It is ironic that Ms. Jong seems to take "Lolita" for face value, which exposes her lack of imagination - the story of Lolita is as credible as de Sade's writings, and it is their extreme that entertains the mind, however it is a grave mistake to project such fantasies on reality, considering the events described are "normal" - which she tries to do with Lolita. Ms. Jong is completely oblivious to the point that Lolita is poetry noir; and for its parable value, Nabokov said that this book shows how selfishness and cruelty destroy love and life...

Perhaps for someone who had seen Thanatos in such a lively vivacious building as the church of Santa Maria Salute in Venice, it should be easier to see it in Lolita, but alas on this point Erica seems to be confused between Eros and Thanatos and who belongs where. Could it be a general problem of a very competitive person, obsessed with self-protection and survival? Maybe; but maybe this is why she misses one thing that many people, including women, want - love.

One last and good point about this book is that when Erica discusses an "ideal man", she is suddenly very reasonable and wise - "an ideal man is someone you love and who loves you in return" - I would only wish she would employ this argument in judging Princess Diana's life and that of Lolita.
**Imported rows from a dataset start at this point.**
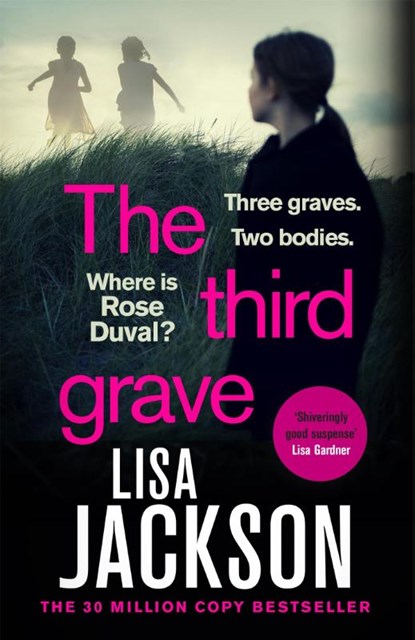 The Third Grave, Lisa Jackson - Paperback - 9781529304428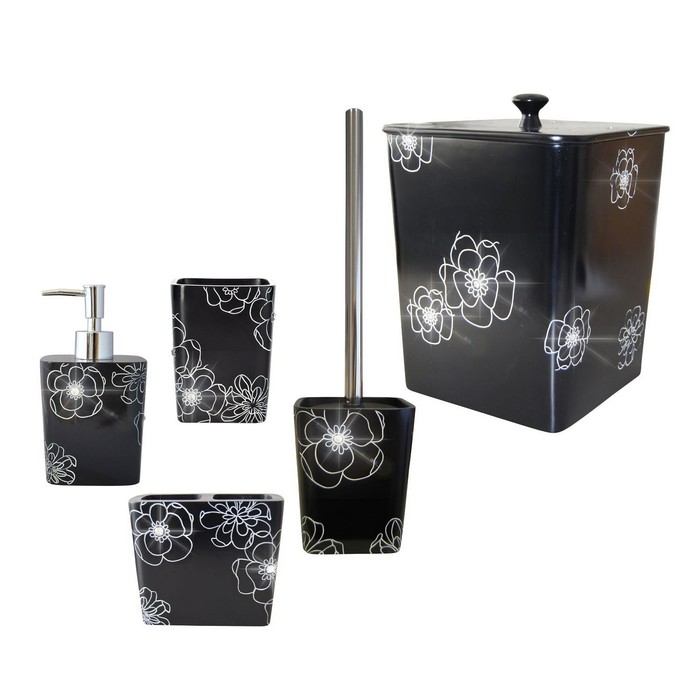 Стаканчик Diamond, цвет черный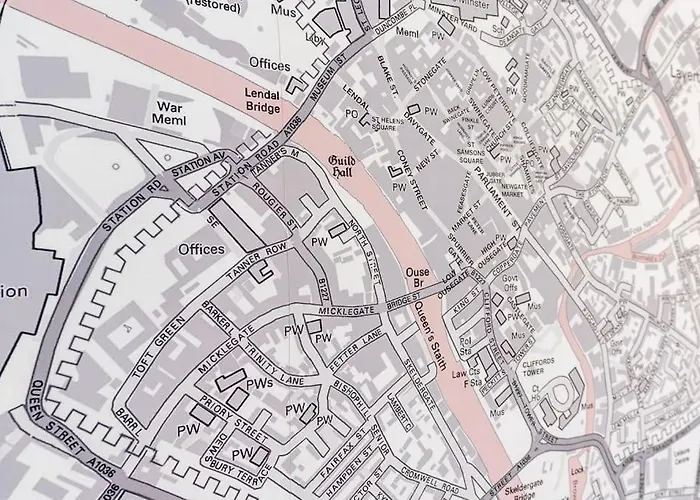 Victorian Splendour York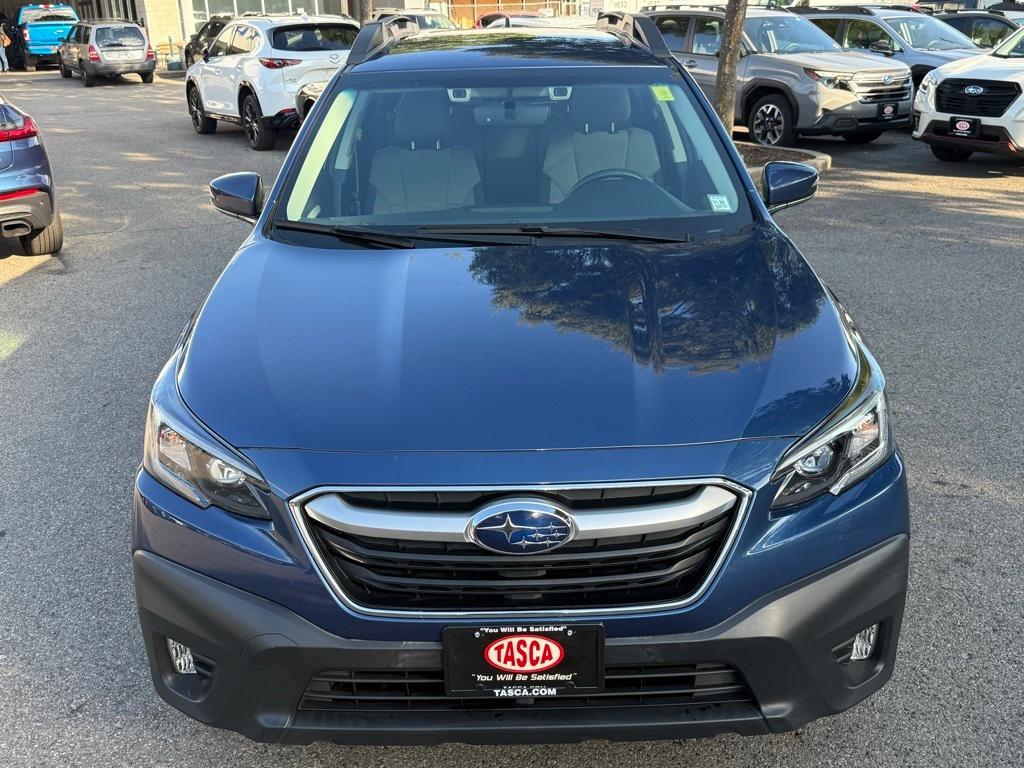 used 2022 Subaru Outback car, priced at $23,300
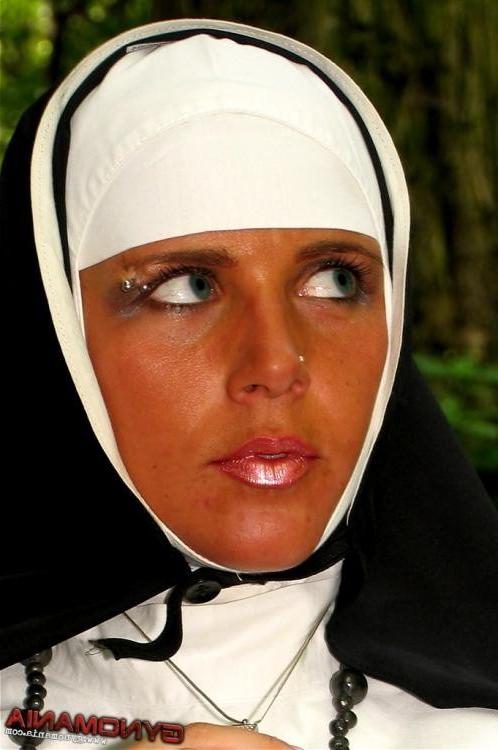 16P Nun Gets Salvation from Virginity
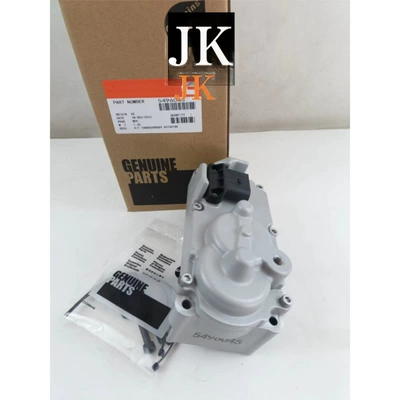 Solenoid Valve Digital – Supercharger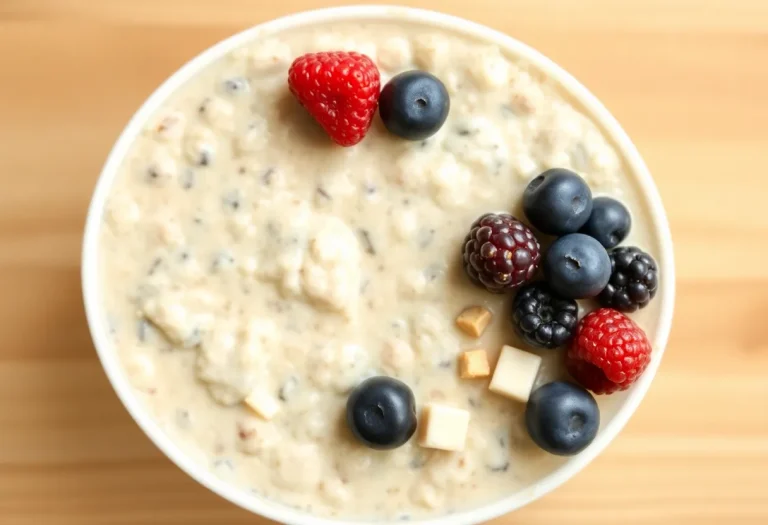 Overnight Oats Recipe: The Lazy Person’s Breakfast Hack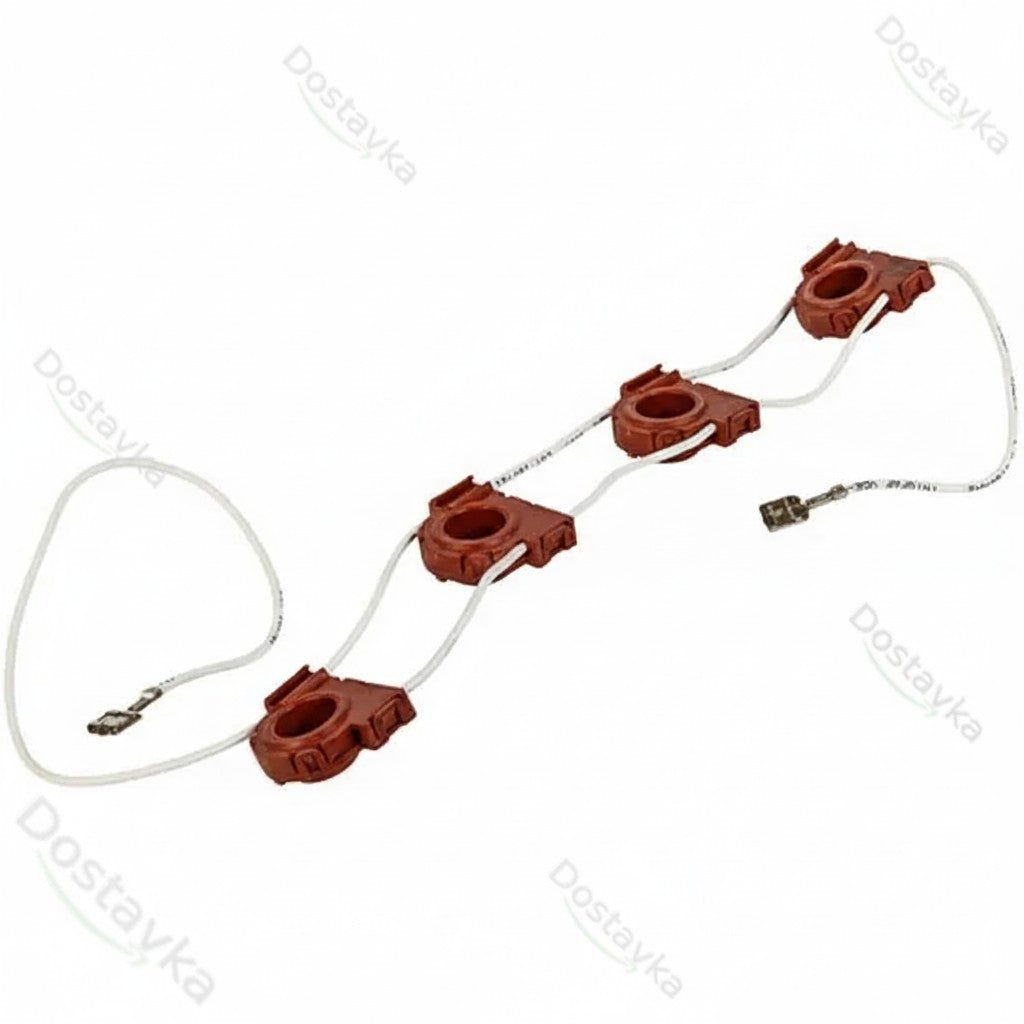 Микровыключатели блока розжига для газовой плиты Bosch 00495579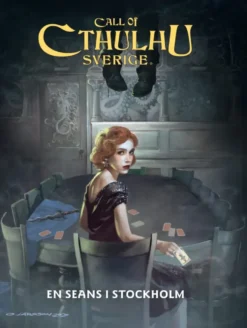 Call of Cthulhu Sverige: En seans i Stockholm (Exp.)
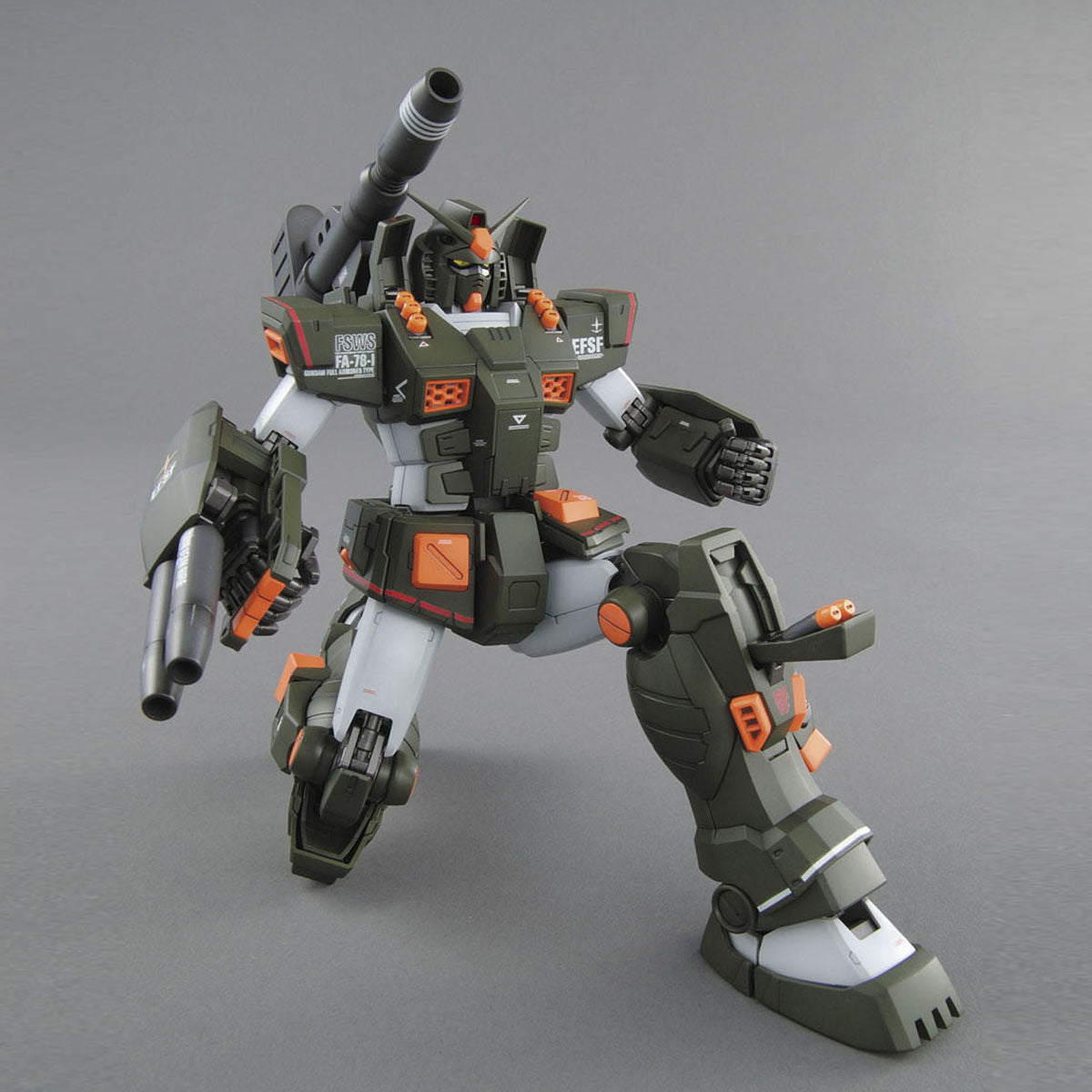 Bandai MG 1/100 FA78-1 Full Armor Gundam MSV Model Kit – Gunpla Style Bandai MG 1/100 FA78-1 Full Armor Gundam MSV Model Kit – Gunpla Style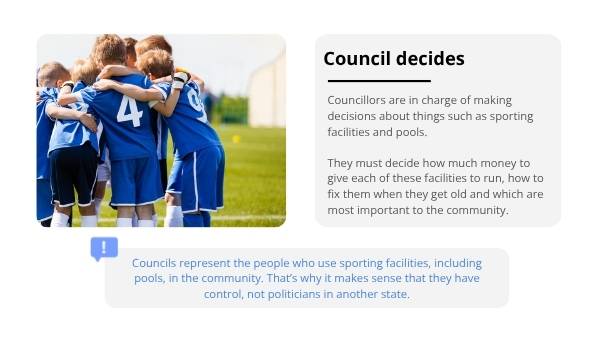 Exploring the Role of Local Councils Education Presentation — slide 7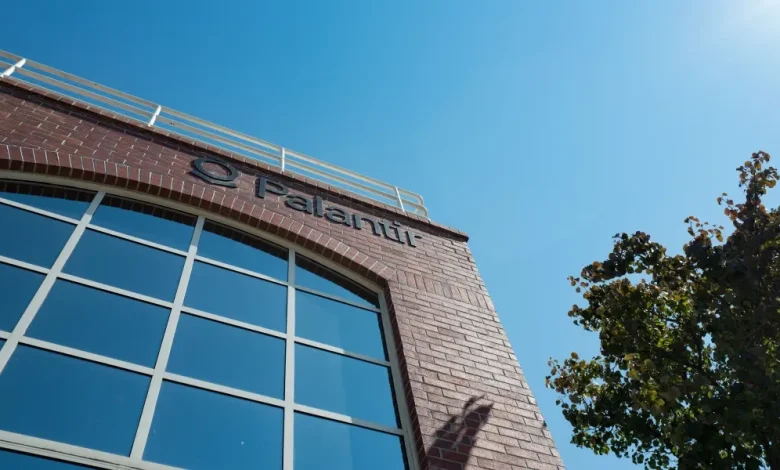 New contract shows Palantir is working on a tech platform for another federal agency that works with ICE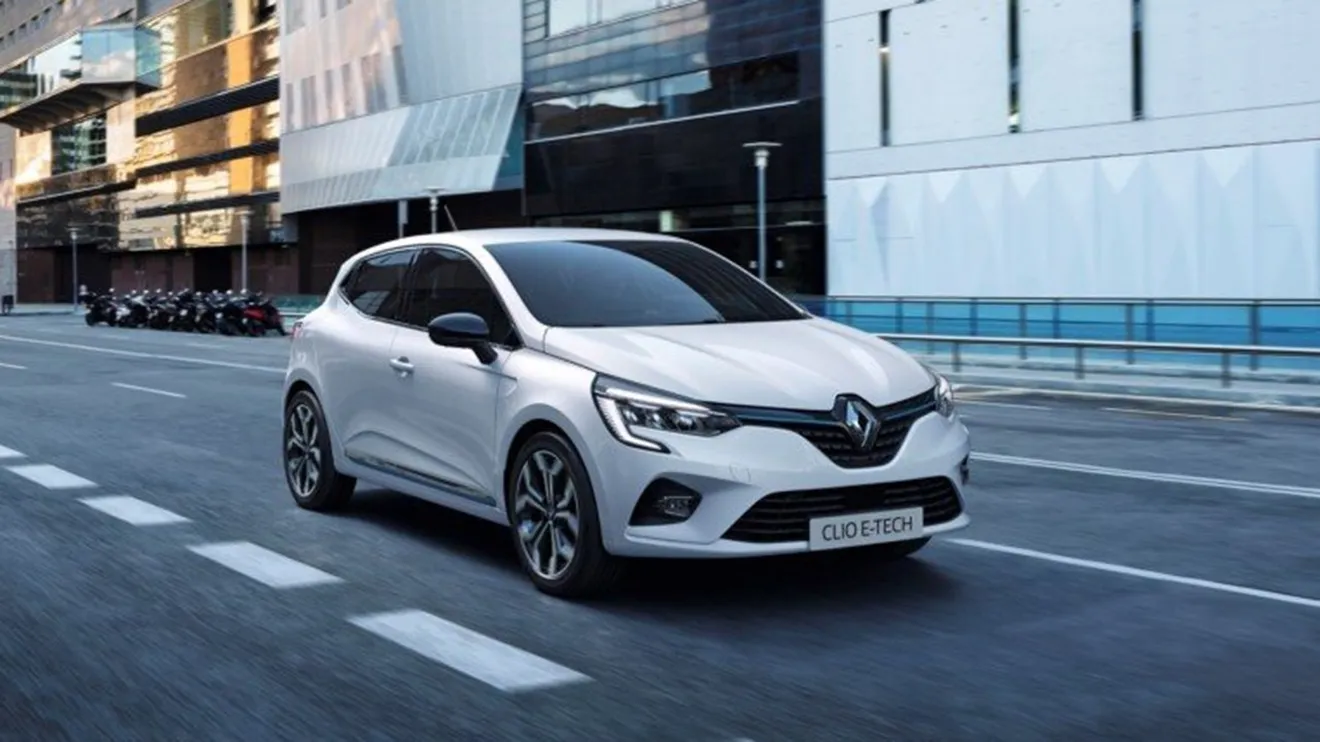 Renault Clio E-Tech, el nuevo utilitario híbrido ya tiene precios en España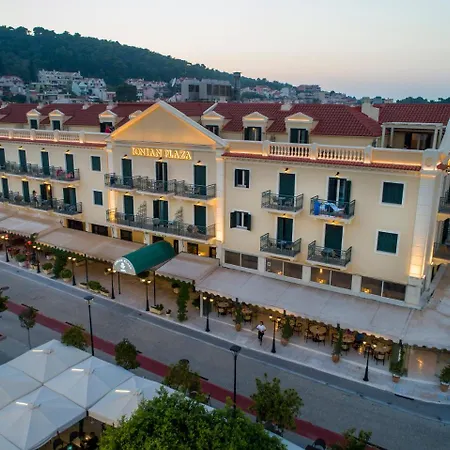 Ionian Plaza & Argostoli (Kefalonia)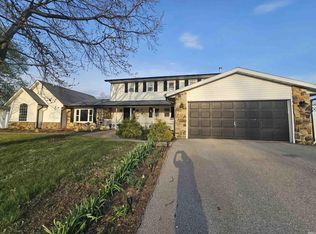 4346 N Centennial Dr, Bloomington, IN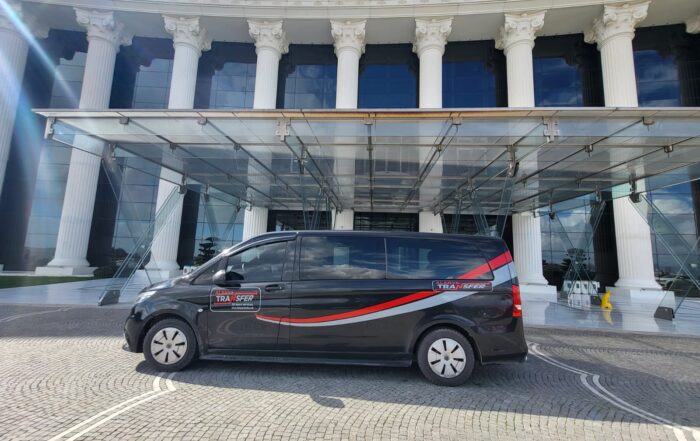 Exclusive Antalya AYT Airport to Villa Sun Flower Aparts Alanya VIP Transfer Services for Luxury and Stress Free Arrival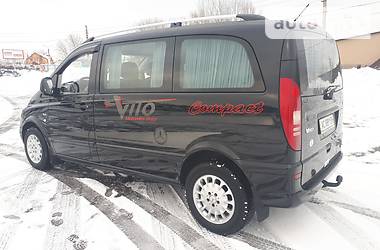 Минивэн Mercedes-Benz Vito 2007 в Казатине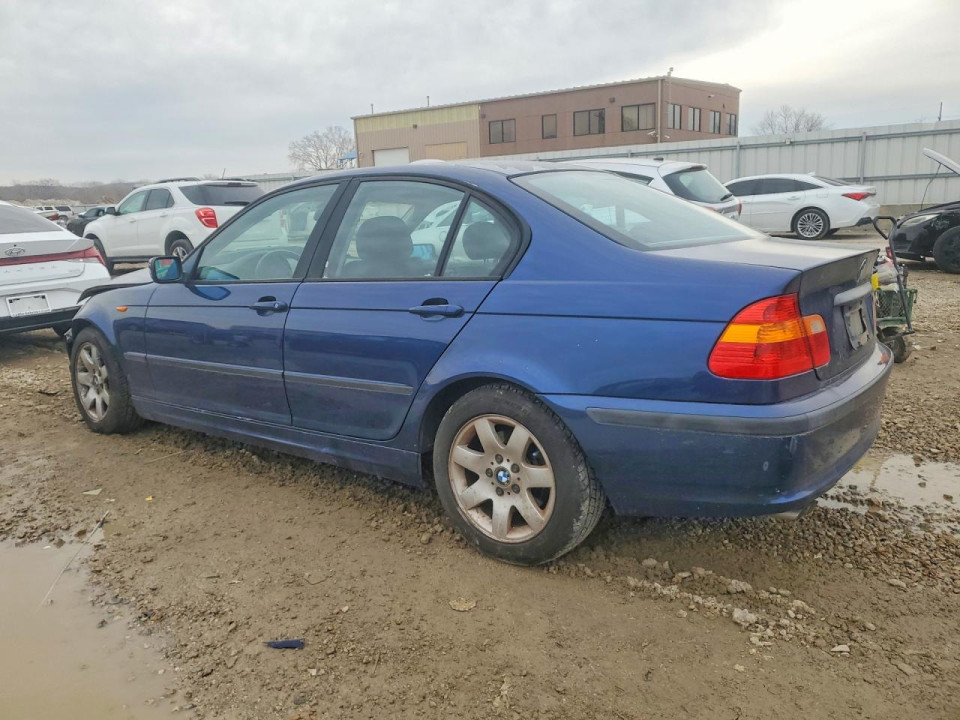 Bmw 3 SERIES 2003 — Copart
Overall, a shallow book somewhat; surely Erica is not a poet as Nabokov is, and although she seems to know that she is pure prose, she still dares to speak about things that seem to be beyond her imagination and sublime. A disappointment.
Made-with-Love
love her books all over again...
Tiv
The timeless question: What do women want? This question is tackled by Erica Jong in her book entitled by the same inquiry.
This book is more than a long answer it is reflection of spirit and Jong's own journey into discovering her identity.
Jong, using her uncompromising prowess, delves into womanhood: mother, daughter, and herself. She shares her vulnerability and the complexity of the modern woman.
The lore of sex and all its broad implication, sex is much more than a strong member and a moist recipient, it is about touch, feel, and involving the entire mind, spirit, and body. She lays out the recipe for the perfect man or a mixture of men.
In the end What do women want? By Erica Jong is a composition of the inner being of the complexity of the women psyche.